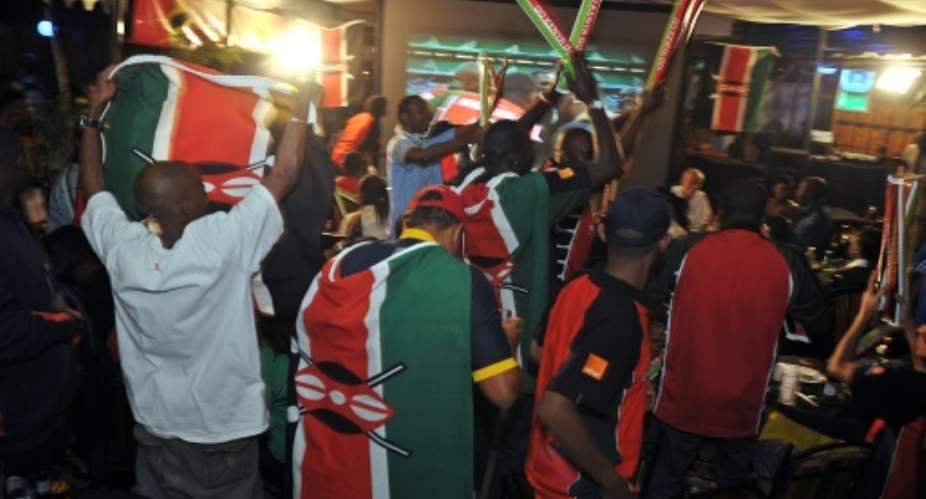 Kenyan rugby fans cheer-on their national sevens team on May 23, 2009 in Nairobi.  By Tony Karumba AFPFile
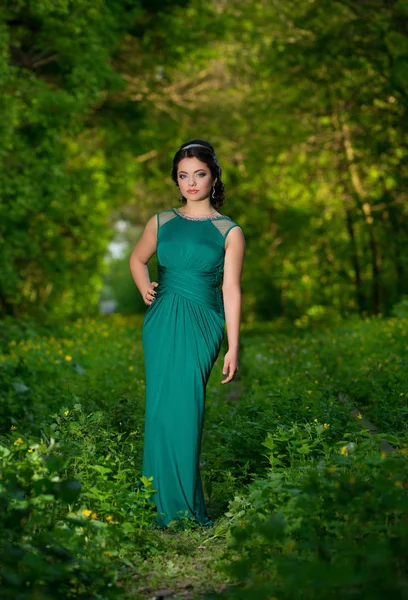 Girl in a green dress — Stock Photo, Image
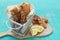 Fried pork rinds, in a metal basket on a blue background. Copy space. Typical kitchen concept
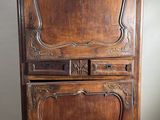 an old wooden cabinet with a mirror on top of it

- - -

Leaving aside every picture, transcribe exactly the lines that run from the one with "Fried pork rinds, in" to the close of the listing above.

 Fried pork rinds, in a metal basket on a blue background. Copy space. Typical kitchen concept
 an old wooden cabinet with a mirror on top of it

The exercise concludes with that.